Record Number of Foreclosures

2010 was year that our nation saw more than a 1,000,000 foreclosure hit the market. At one time foreclosures made up approximately 40% of all sales.  We also saw the cumulative effect of the foreclosure crisis resulting in home values, declining an average of 25% over the last three years.  2011 is forecast to produce more foreclosures that 2010; with approximately,250,000 properties being foreclosed.  The result may be a double dip in sales prices and declining values. In light of this 2011 should also bring out many would be purchasers who have been trying to time the market; hoping to capitalize on continuing historically low interest rates and a true bottoming of prices.  After 2011 we should see a decrease in the number of foreclosures hitting the market and as a result increasing sales prices and values.

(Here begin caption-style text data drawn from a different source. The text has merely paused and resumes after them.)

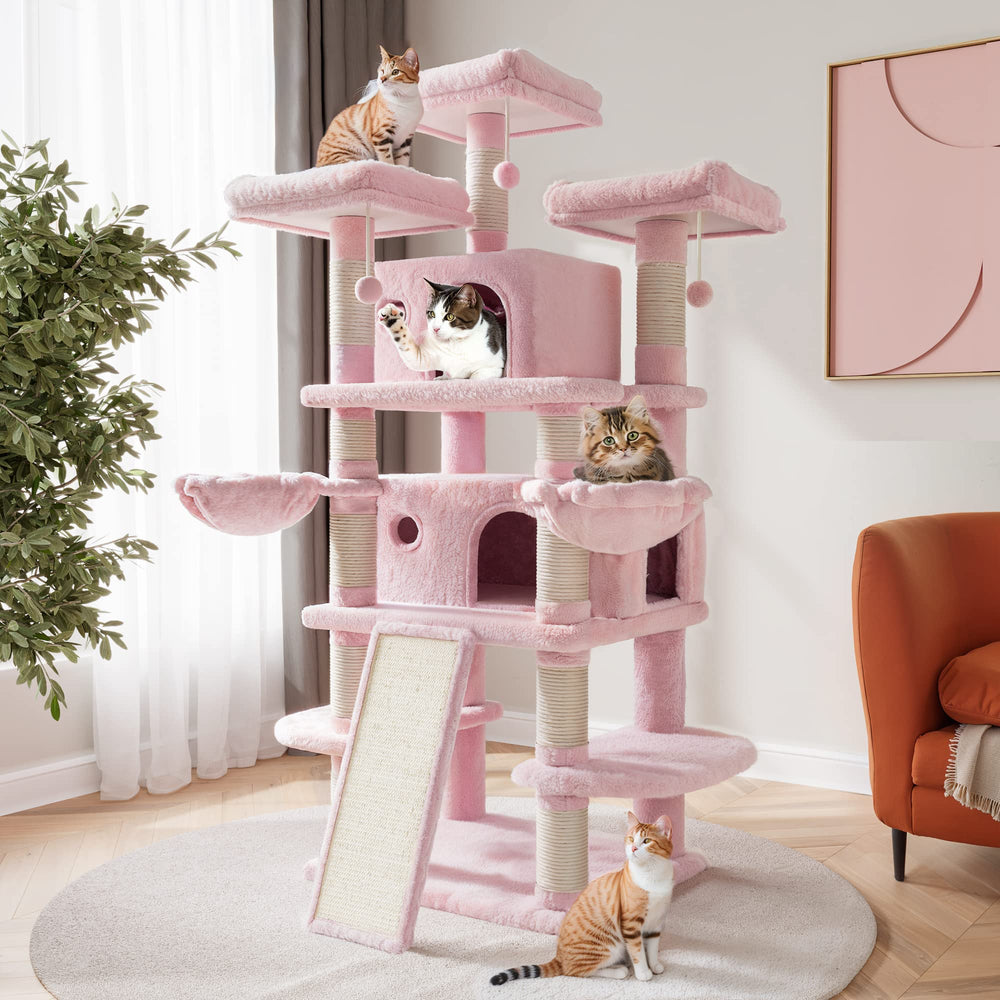 SHA CERLIN 68-inch cat tree overview shows a sturdy multi-level playground for large cats.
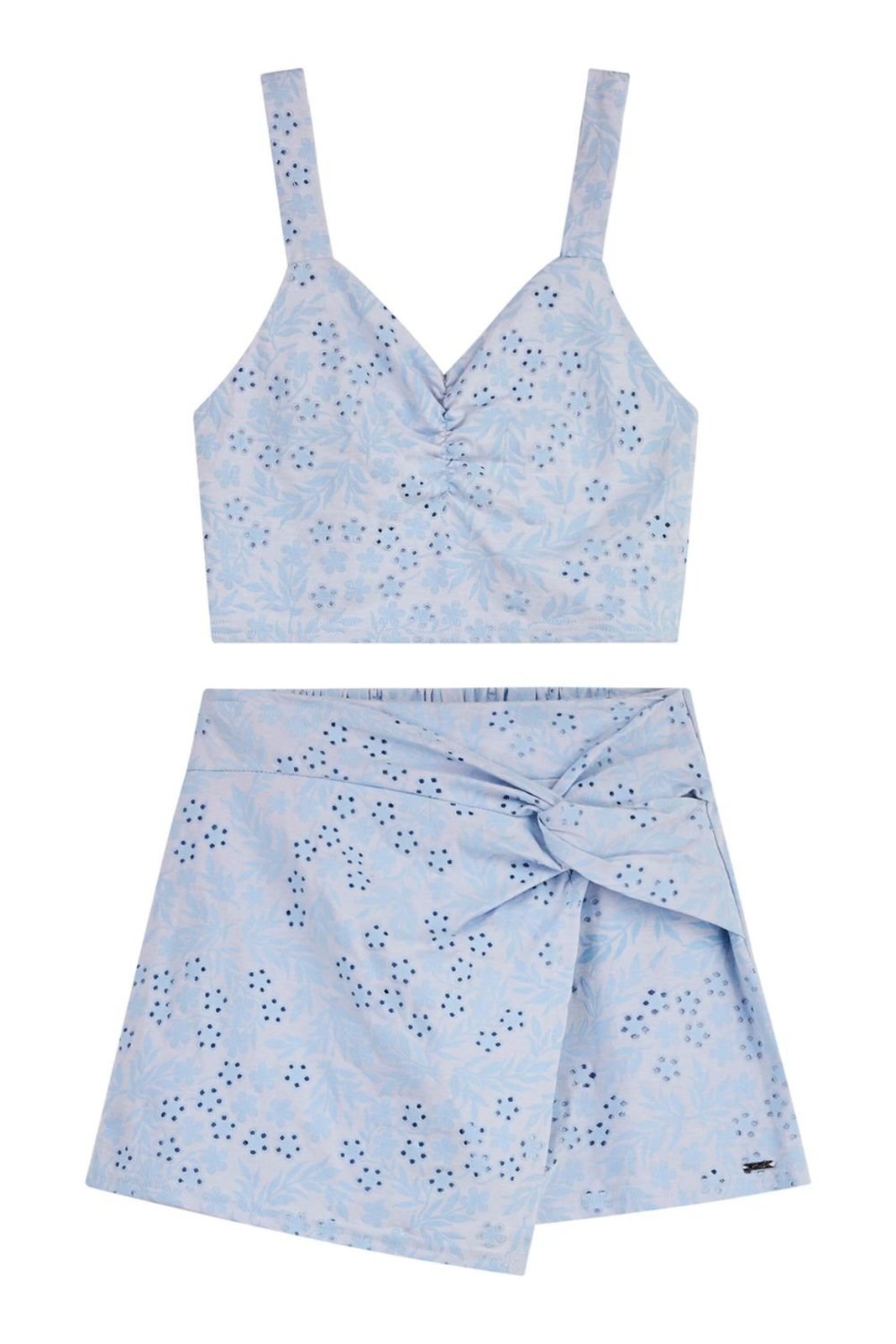 Infantil - Conjunto Juvenil Menina Devorê Floral Beats Azul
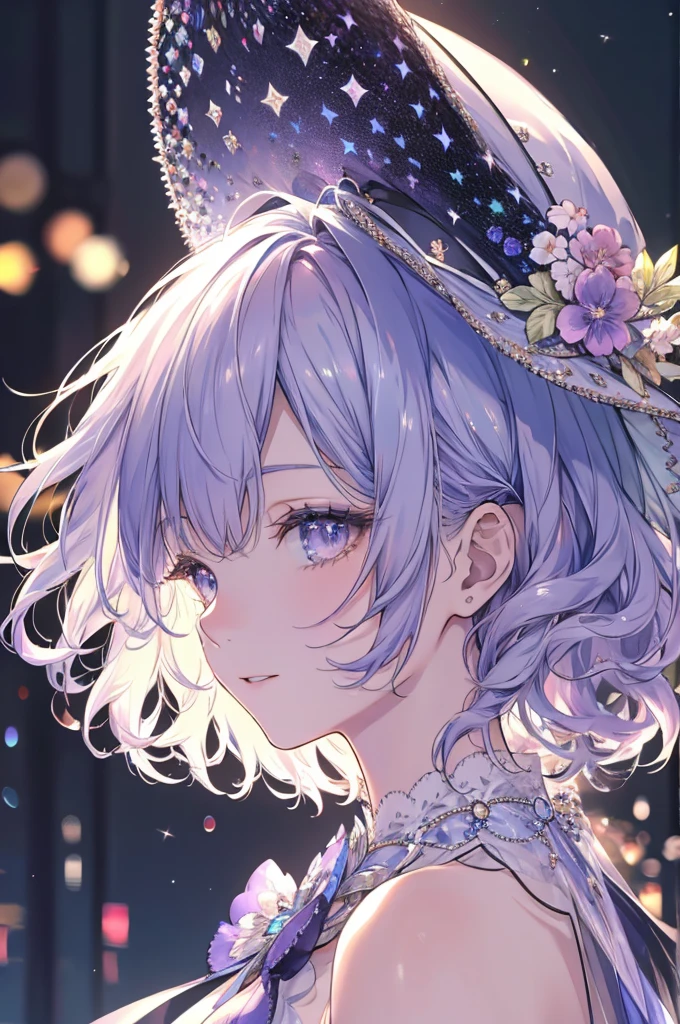 High resolution RAW color art, animation,Sculpture, Silver Marble Skin, (((Highly detailed elegant))), magicのような雰囲気, Detailed skin, texture,(Exquisitely crafted, The finer details, Ultra-detailed art), Depth of written boundary, Bokeh, Silky to the touch, Hyper Detail, White Background, (Pastel Purple), Beautiful Eyes, Elegant face, profile, Magic Hat, magic, surprised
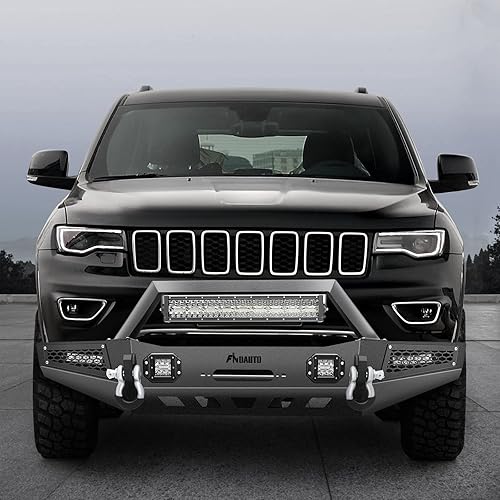 Miniatura 7 de FINDAUTO Parachoques delantero apto para Jeep Cherokee 1983-2001 con placa de cabrestante, luces LED y anillos en D, mejorado, texturizado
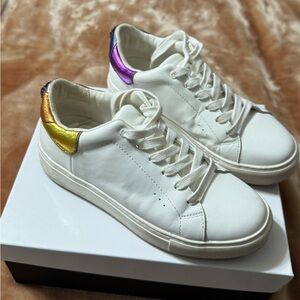 Kurt Geiger White Leather Sneakers with Gold and Purple Heel Tabs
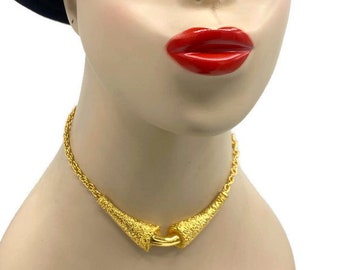 Collier Ras Du Cou Brutaliste Vintage Vers 1970 - Laiton Soudé Et Pierre Naturelle, Doré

Robo Signers for Foreclosure Proceedings

2010 also revealed how overwhelming the sheer volume of foreclosure is on our nation’s lenders and mortgage servicers.  Faced with mounting case of defaulted loans and the need to work them through the foreclose process; which by the way differs from state to sate, many lenders failed to execute the foreclosure process according to the rights and responsibilities set forth in the notes  and security deeds, and according to individual requirements of each state.  Much of this was also a result of the way mortgages are traded, serviced and hypothesized in the open Market.

2011 should result lenders paying closer attention to all governing documents and statutes, as they experience an increasing number of law suits resulting from their mechanized approach to processing foreclosures.

Record Low Interest Rates

2011 from all indications and from those far more equipped than I to forecast interest rate trends, seems to suggest that we will enjoy historically low interest rates for a while longer, but not forever.  This coupled with a bottoming of prices should be the catalyst for many waiting buyers to make buying decisions this year.

Increasing Number of Short Sales

2011 will also a year that we will see an increasing number of Short Sales hitting the market.  On the surface this seems like a bad thing, but it may have some positive effects.  First Short Sales are often time occupied by the owner, which means that the house has not sat empty for moths while a foreclosure is processed.  It may also mean that the property because the owner continues to live in it may be in much better condition than a foreclosure.  Often times this will result in a higher sales prices that a foreclosure would yield; thereby reducing the number of homes that sell at foreclosure prices.